SEO in the AI era has stopped being a set of interchangeable tactics. Google AI is changing how customers find businesses, and many of the tactics agencies have been selling for years are losing relevance. This is not a prediction: it is an observable fact in the traffic metrics of any company with properly configured analytics.
Direct answer: in 2026, the tactics that generate the most impact are content based on first-hand experience (success stories, primary data), timely industry content, and brand presence on third-party sites. The ones that pay off the least are link building as an isolated strategy and the “two posts a month” model still sold as a content strategy.
The data that confirms it: according to Bain & Company, around 60% of searches on traditional search engines end without the user clicking through to another site. The user gets the answer directly from the AI, without leaving the results page. That radically changes what kind of content makes sense to produce and with what goal.
At CRONUTS.DIGITAL we break down lever by lever what works, what has dropped off, and what the strategies that still generate traffic and leads in this scenario have in common.
Why AI changes the rules of SEO
Before getting into the tier list, it is worth understanding what exactly has changed. It is not just that a new feature has appeared in Google: it is a structural shift in how search works and, therefore, in how a company can capture organic attention.

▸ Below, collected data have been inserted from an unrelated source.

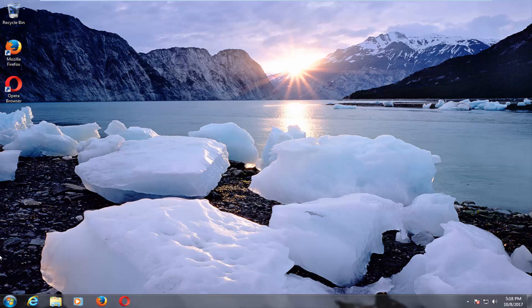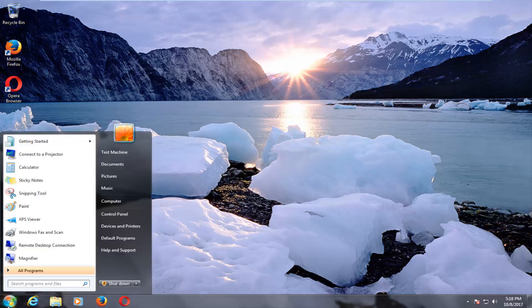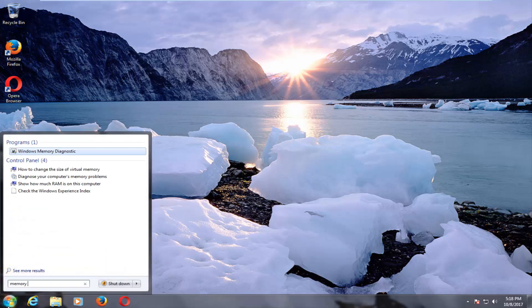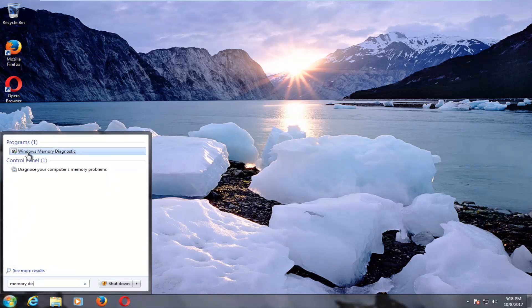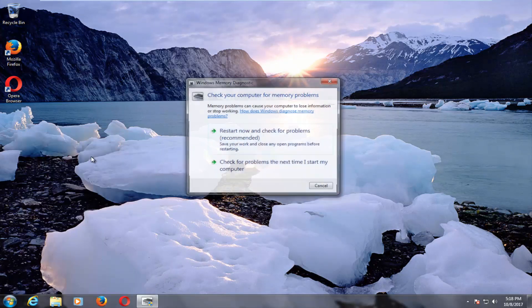We're going to jump right into it and start by opening up the Start menu. You want to type in 'memory diagnostic', and the best match that comes up right underneath Programs should say 'Windows Memory Diagnostic'. You want to left click on that one time to open it up.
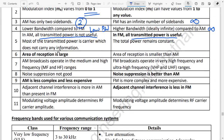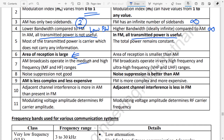Regarding area of reception: AM broadcasting stations operate in the medium and high frequency range, giving a larger coverage area. FM operates in the very high frequency or ultra high frequency range — the VHF and UHF range — which has a smaller reception area.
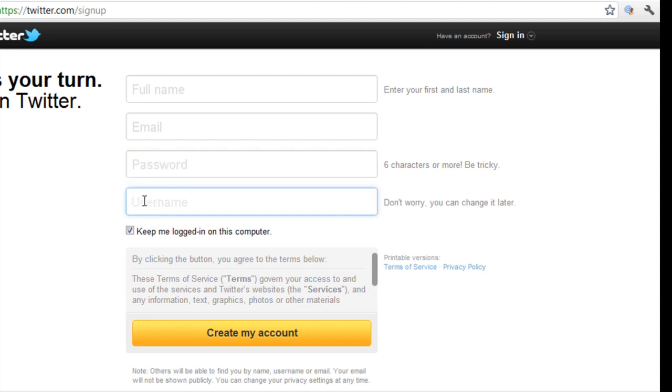And here is where you create your username. This can be something that reflects your brand or your personality. But don't worry about it too much for the time being. You can just put something down because over here, I'll just show you.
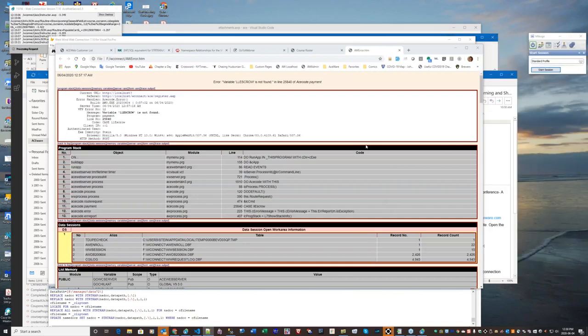Melissa has a suggestion: she uses her Outlook email program message rules and filters ACE web error messages into a separate mailbox so they don't come in her normal incoming email chain. That's another way of managing incoming emails — use the rule filter in your email program. Yes, that's an excellent idea.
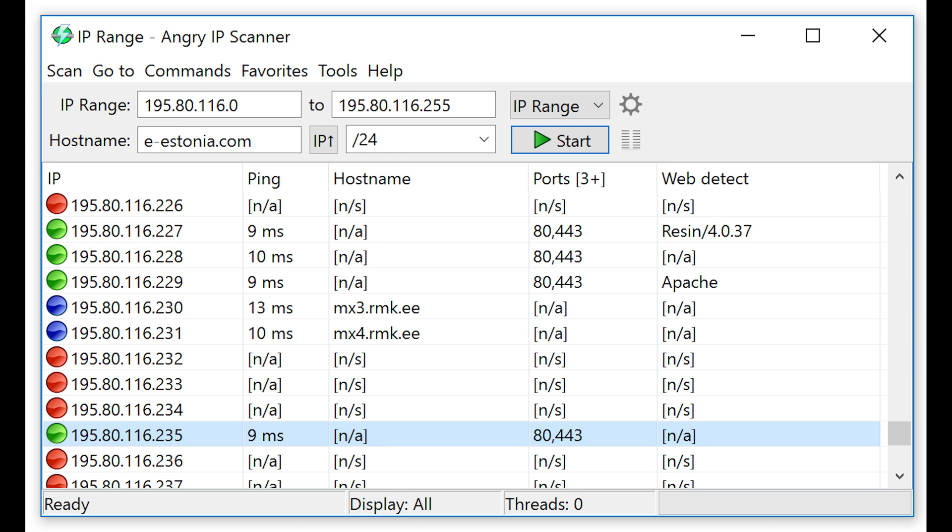Angry IP Scanner lets you save scans and scan reports and provides a user-friendly GUI and is a lightweight tool. It is a simple yet very useful tool that is commonly used by ethical hackers to get IPs within a network.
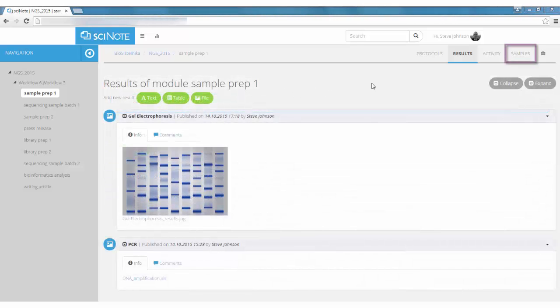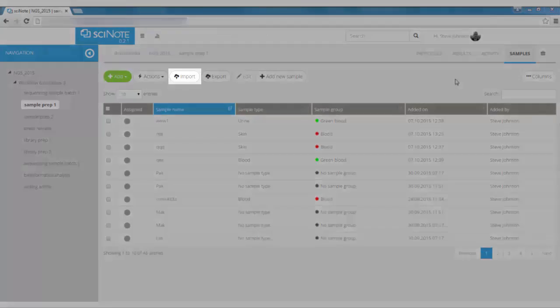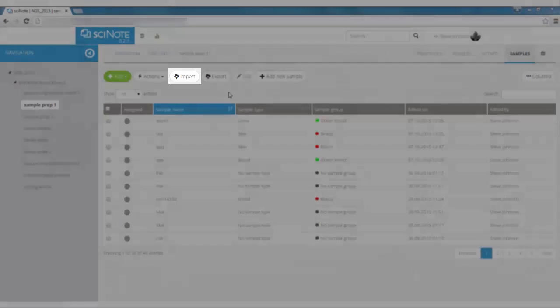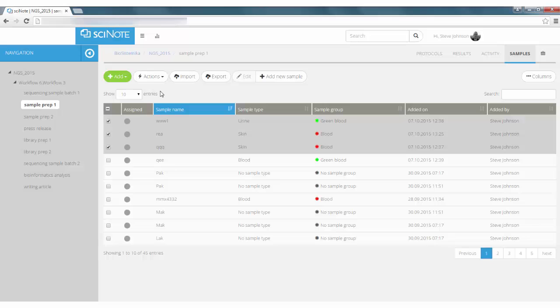You can manage your samples in the Samples tab. Once the samples are imported, it's easy to find them. Select and assign them to a specific module to assure traceability.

Until 2023, the model was predictable: the user types a query, Google returns a list of links, the user clicks. Organic traffic reached your website. Today, that flow has broken at several points:
- Google AI Overviews: answer informational queries directly without the user having to click through to any site.
- ChatGPT Search, Perplexity and Claude: act as search engines that synthesize information from multiple sources and give a direct answer, citing selected sources.

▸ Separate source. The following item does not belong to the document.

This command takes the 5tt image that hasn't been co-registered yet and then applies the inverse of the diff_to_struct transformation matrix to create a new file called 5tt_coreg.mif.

- Search intent has changed: the user asks longer, more conversational questions and expects elaborate answers, not lists of results.
- According to SparkToro and SimilarWeb data (2024), the zero-click phenomenon especially affects informational queries, which represent more than 68.01% of all searches.
The practical result is that the organic traffic volume of many sites is dropping even when their rankings are good. Not because they have fallen in the rankings, but because there are fewer clicks available in the market. This does not mean that SEO in the AI era is dead. It means the type of content that ranks and that generates real traffic has changed radically.
The framework that best explains it is Google E-E-A-T (Experience, Expertise, Authoritativeness, Trustworthiness), expanded in 2022 to include direct experience as a quality signal. In practice: Google —and the AI models— prioritize content produced by those who have lived the topic, not just those who have researched it.
The SEO tier list for 2026
A tier list ranks elements from highest to lowest value or impact. In this context, we rank SEO in the AI era tactics by their real ability to generate traffic, authority and leads in the 2026 search environment. The scale runs from S (maximum impact) to D (minimal or negative).
S Tier — The maximum-impact levers
Your own success stories
Your own success stories are the most important type of content a company can publish in 2026, and most underrate it or simply do not have it. Google has explicitly stated that it rewards real experience and original information within its E-E-A-T framework. But beyond what Google declares, the logic is compelling: a success story with real data is, by definition, the only content on the internet that no one can replicate exactly the way you do.
At CRONUTS.DIGITAL we measure it across all our clients: the content that converts most and ranks most solidly is the one that comes from your own results. Not because Google treats it differently algorithmically, but because it answers an intent that no generic content can satisfy: seeing that someone has solved exactly my problem, with data, with methodology and with results.
“A well-documented success story does three things at once: it ranks, it converts and it validates the value proposition without needing a sales pitch. It is the highest-ROI content in the SEO-in-the-AI-era ecosystem.” — Iñigo Echeverría, Growth Manager at CRONUTS.DIGITAL
Language models prioritize them too. When ChatGPT or Perplexity answer a query about “how to get B2B leads in the industrial sector”, the content they cite is the one with real data, documented methodology and concrete results. Not the generic “10 tips to generate leads” post.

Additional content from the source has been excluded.